There is one final twist. Remember when we chose the order \(\sigma\) arbitrarily? What the authors actually do is generate \(N_o\) orders randomly and choose the one that yields the highest number of accepted new tokens (the largest \(a\)). What seems important here is that the uniform samples \(u_i\) are generated only once. If instead they were generated for each order independently, we would be “hacking” the rejection criterion by waiting for high values of \(u_i\). But even still, it seems to me that this approach might be “hacking” the model by amplifying any imperfections in its probability estimation – as if we are waiting for the model to make a mistake that will allow us to accept more tokens.

Figure 6 in the paper shows the effect of varying \(\sigma\) from \(1\) to (in some cases) \(50\). From it, it’s clear that increasing \(\sigma\) decreases the number of iterations needed to produce the sequence. The effect of this on error rate / perplexity seems minimal. However, it would be interesting to see the effect of increasing \(\sigma\) beyond \(4\) in the case of Text Modeling.

Results

For results, please see Chapter 3 of the paper.

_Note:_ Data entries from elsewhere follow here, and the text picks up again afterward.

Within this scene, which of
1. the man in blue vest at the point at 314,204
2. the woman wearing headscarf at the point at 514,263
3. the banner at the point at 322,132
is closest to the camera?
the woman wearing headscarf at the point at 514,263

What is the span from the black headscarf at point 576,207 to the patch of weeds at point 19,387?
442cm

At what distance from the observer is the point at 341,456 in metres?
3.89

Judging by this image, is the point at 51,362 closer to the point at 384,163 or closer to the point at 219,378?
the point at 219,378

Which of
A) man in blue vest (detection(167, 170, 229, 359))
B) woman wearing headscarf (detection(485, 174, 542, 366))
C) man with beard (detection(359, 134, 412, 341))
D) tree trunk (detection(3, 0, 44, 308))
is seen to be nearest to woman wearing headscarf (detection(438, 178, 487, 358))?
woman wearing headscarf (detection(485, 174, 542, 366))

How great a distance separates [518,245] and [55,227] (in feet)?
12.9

In short, σ-GPT reaches similar performance relative to a standard left-to-right GPT (Table 2 in the paper) while requiring an order of magnitude fewer steps during inference (Figure 6). On the other hand, due to the increased difficulty of the random-order generation, σ-GPTs require several times more training steps (Table 3) and the dataset size needed to switch from memorization to generalization is higher (Figure 5).

Other notes

Footnotes

  1. I don’t know what CFL means in the left figure and it seems not to be explained in the paper (I only ever encountered the acronym when referring to Context Free Languages).